I am an accomplished data science and consulting professional with 5+ years of experience with data analysis and visualization practices. As a recent graduate from Georgetown's Data Science and Analytics masters program, I am currently looking for a full-time position as a data scientist or data engineer. I love to learn and be challenged. I am fascinated with advanced analytics techniques and am passionate about helping organizations find strategic, actionable meaning in their data.
In my free time, I like to travel, run, play video games, and pamper my cat Zack. Ask me about my recent backpacking trip in Europe!
This research uses all Reddit activity data, including posts and comments on posts, from January 2021 to August 2022 to extract valuable business insights for Glossier, a cosmetics brand primarily in the e-commerce space. Ten granular business questions, broken down by consumer, demand, product, and competition, are explored and answered using NLP and ML techniques using Spark in Azure Databricks. Sentiment analysis as well as topic modeling with LDA is conducted to inform future product strategy. External data (Google search and Covid data) is incorporated as well to determine if sentiment can be predicted. This project is important as it serves as an example of analysis for companies looking to gain a greater market share that does not include easily accessible customer tracking data purchased from third parties. Most importantly, Glossier will have insights to determine the most optimal launch and marketing strategies in the midst of their high growth and physical presence expansion.
Gender discrimination is a prominent human rights issue that manifests itself via job segregation, employment inequity, pay gaps, and lack of freedom in career choice for women around the world. This research offers a more general toolset to examine gender inequities in education, entrance into the labor force, and within the labor force by location and over time. Developed by women in tech, this analysis specifically focuses on gender disparities in STEM and assesses how test scores, entrance into professional fields, labor participation, parental leave, and salaries differ for men and women.

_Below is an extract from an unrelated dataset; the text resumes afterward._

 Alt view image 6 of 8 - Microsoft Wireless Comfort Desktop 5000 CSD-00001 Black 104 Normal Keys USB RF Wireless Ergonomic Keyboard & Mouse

Online hate speech has unfortunately become increasingly prevalent specifically on social media platforms. Twitter can be used as a tool to spread misinformation and hate with the protection of anonymity behind a screen. This analysis explores research conducted to build a model that will be able to detect tweets from Twitter that contain these “hate speech” sentiments.

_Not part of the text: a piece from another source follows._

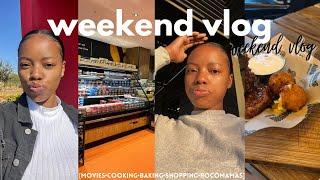 WEEKEND VLOG [EP: 1] rocomamas•baking•movies•shopping•etc | South African Youtuber 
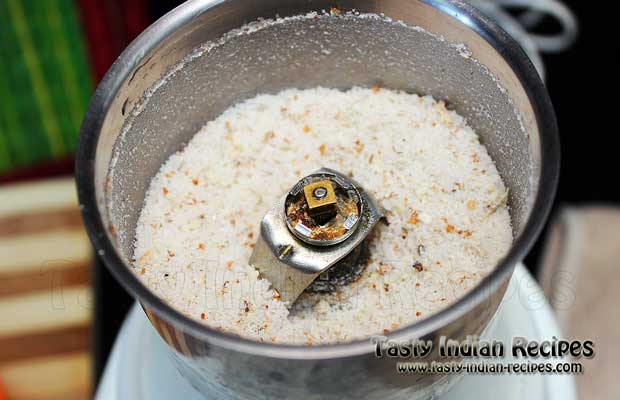 Grind the sugar mixture into a smooth powder form Grind the sugar mixture into a smooth powder form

This research is an in-depth assessment of if it is possible to predict the winner of a horse race. This research is in direct response to the Big Data Derby 2022 Kaggle Competition that intends to help owners, trainers, and veterinarians improve equine welfare and assess competition strategy. An ANN model that processed numerical, categorical, and text data was built to predict the target variables using the Keras functional API. It's output is then compared to traditional machine learning methods such as random forest, logistic regression, and gradient boost.